(Material for this task Opens)

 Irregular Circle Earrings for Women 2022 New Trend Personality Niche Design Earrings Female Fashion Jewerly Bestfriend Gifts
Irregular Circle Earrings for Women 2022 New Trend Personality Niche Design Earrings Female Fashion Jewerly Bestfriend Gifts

(Material for this task Closes)
(Material for this task Opens)

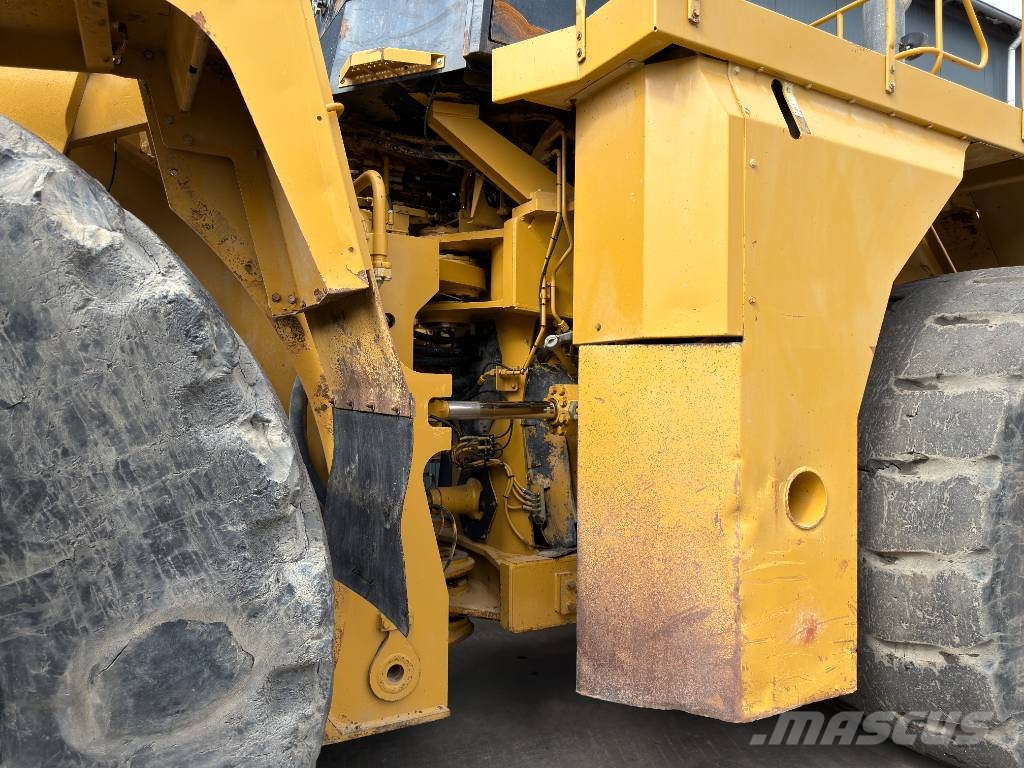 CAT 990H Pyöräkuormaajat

(Material for this task Closes)
(Material for this task Opens)

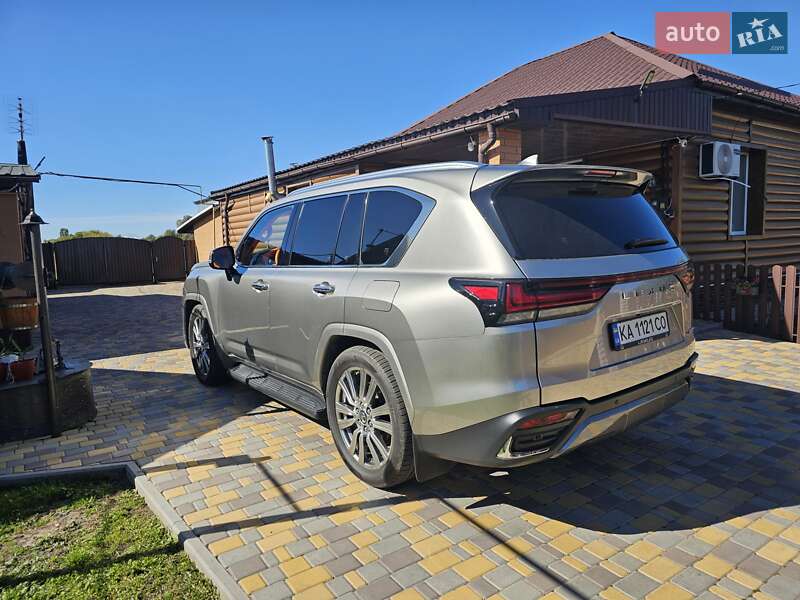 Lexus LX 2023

(Material for this task Closes)

### Task requirements
Take from the listing above each line that contains the string "Niche".

### Output of the task
 Irregular Circle Earrings for Women 2022 New Trend Personality Niche Design Earrings Female Fashion Jewerly Bestfriend Gifts
Irregular Circle Earrings for Women 2022 New Trend Personality Niche Design Earrings Female Fashion Jewerly Bestfriend Gifts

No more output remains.